To most people, that statement might have yielded a different, and more consumerist response. But, in my mother, it was read as a challenge.
Mom never wasted ANYTHING.
The gloves were off.
She was talking, almost whispering and hissing through her clenched teeth. We didn’t have to see it to recognize it.
“Fine. If you want liver and potatoes… that is ALL you’re going to get. UNTIL IT IS ALL GONE.”
With those, now-known-as-ALL-CAPS-ITALICIZED words, we shot up from the couch and chairs, backs straight.
Me, my brothers and sisters, looked at one another like frighten fawns, ready to dart towards the first possible escape route. Once our racing hearts calmed to a gallop… We quietly, and casually scattered from the living room where we’d been listening in. One by one, we tiptoed out of the area, bedrooms, front door, didn’t matter… Oh boy…
What a few weeks it was (14 days to be exact)…
Here’s the menu:
Day 1: fried liver and onions with fried potatoes (discs)
Day 2: fried liver and onions with mashed potatoes
Day 3: fried liver and onions with boiled potatoes
Day 4: fried liver and onions with fried potatoes (strips)
Day 5: fried liver strips and onions with mashed potatoes
Day 6: baked liver and baked potatoes
Day 7: broiled liver and potato soup
Day 8: fried liver strips and hash browns
Day 9: boiled liver and boiled potatoes
Day 10: fried liver and fried potatoes (diced)
Day 11: barbecued liver and baked potatoes
Day 12: fried liver strips in barbeque sauce with boiled potatoes
Day 13: boiled liver and boiled potatoes
Day 14: barbeque liver (broiled) and baked potatoes
Did I, or my siblings, ever complain?
There was no room for complaining.
My mother and father sat across from each other at the table, for two whole weeks at dinner, glaring, and chewing. Daring the other to complain.
To this day, I have never heard my parents speak of the incident.
Even my sisters and brothers… we only reference it. We never talk about it.
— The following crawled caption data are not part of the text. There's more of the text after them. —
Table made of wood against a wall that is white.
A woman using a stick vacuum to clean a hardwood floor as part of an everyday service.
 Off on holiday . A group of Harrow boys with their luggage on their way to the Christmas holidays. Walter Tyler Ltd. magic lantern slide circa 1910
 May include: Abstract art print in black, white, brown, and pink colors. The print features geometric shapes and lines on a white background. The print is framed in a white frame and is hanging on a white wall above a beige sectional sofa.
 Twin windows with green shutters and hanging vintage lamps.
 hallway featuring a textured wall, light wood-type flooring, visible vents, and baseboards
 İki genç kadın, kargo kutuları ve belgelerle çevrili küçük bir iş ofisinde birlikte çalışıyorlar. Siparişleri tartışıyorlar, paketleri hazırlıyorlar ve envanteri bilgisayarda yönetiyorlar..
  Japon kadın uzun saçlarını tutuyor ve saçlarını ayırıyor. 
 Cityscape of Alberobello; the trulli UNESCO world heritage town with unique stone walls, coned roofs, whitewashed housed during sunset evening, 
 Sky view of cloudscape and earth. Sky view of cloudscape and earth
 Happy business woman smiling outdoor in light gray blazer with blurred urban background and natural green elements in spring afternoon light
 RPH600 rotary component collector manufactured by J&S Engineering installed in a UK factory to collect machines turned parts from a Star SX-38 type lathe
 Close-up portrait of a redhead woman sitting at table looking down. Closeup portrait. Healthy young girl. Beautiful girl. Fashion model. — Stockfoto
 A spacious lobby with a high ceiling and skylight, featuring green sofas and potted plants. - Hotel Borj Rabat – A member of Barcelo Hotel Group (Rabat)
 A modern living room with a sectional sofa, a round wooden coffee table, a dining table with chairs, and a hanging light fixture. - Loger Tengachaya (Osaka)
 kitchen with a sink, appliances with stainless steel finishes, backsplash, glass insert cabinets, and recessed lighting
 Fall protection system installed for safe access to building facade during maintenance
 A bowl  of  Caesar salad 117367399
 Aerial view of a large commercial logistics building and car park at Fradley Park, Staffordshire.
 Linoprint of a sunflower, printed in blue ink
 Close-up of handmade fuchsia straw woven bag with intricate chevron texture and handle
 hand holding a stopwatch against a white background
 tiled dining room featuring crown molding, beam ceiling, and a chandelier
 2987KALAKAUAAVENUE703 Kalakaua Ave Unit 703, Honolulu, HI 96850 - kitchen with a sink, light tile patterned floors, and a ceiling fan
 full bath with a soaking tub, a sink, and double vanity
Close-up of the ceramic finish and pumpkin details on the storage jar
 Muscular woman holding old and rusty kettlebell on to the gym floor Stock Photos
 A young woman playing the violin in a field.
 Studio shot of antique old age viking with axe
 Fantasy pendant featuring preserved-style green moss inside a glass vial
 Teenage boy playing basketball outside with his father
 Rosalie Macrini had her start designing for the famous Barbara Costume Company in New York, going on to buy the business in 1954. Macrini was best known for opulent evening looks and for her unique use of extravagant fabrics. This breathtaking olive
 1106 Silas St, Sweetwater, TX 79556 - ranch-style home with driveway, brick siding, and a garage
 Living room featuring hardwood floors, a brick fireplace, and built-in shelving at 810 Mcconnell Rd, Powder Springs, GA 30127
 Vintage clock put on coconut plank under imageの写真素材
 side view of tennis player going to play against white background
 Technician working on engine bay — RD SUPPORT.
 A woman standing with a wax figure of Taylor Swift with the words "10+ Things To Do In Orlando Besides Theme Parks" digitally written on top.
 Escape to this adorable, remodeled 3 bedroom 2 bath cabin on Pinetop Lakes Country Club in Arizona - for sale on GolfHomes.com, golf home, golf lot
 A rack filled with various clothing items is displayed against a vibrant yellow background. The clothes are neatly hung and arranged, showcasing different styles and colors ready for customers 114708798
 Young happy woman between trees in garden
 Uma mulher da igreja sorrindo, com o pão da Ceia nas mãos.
In fact… I had wiped it from my working memory for almost 2 decades before it resurfaced.
My kids saying this:
“Aw, man! DO WE HAVE TO HAVE SUN-DRIED TOMATOES, FETA, AND OLIVES WITH PASTA AGAIN???“
The gloves were off…
Forget the hiking 3 miles in snow to get to school.
I ATE LIVER AND POTATOES FOR 2 WEEKS STRAIGHT.
 This is a highly fictionalized tale of survival. The events happened, yes. But, my memory, well, I don’t trust it. So I feel the need to provide a DiScLaiMeR. It is as true as I remember. Any gaps in small detail have been filled, possibly erroneously, with what probably happened. I will say that any of my siblings who read this, well, they will agree… it captures the Spirit of the Event.
 Yes. In 1982 there were butcher shops. Even today there are one or two scattered about. It’s true. There were just more of them back then…
 They’re divorced, by the way. (Surprise!)
 The ‘unholy trio’. The girls hate these three… along with artichokes… so I only rarely fix a meal and make them eat it. I tell them, “What doesn’t kill you, makes you stronger… eat up…” and then I tell them about The Liver and Potato Famine of 1982. Again.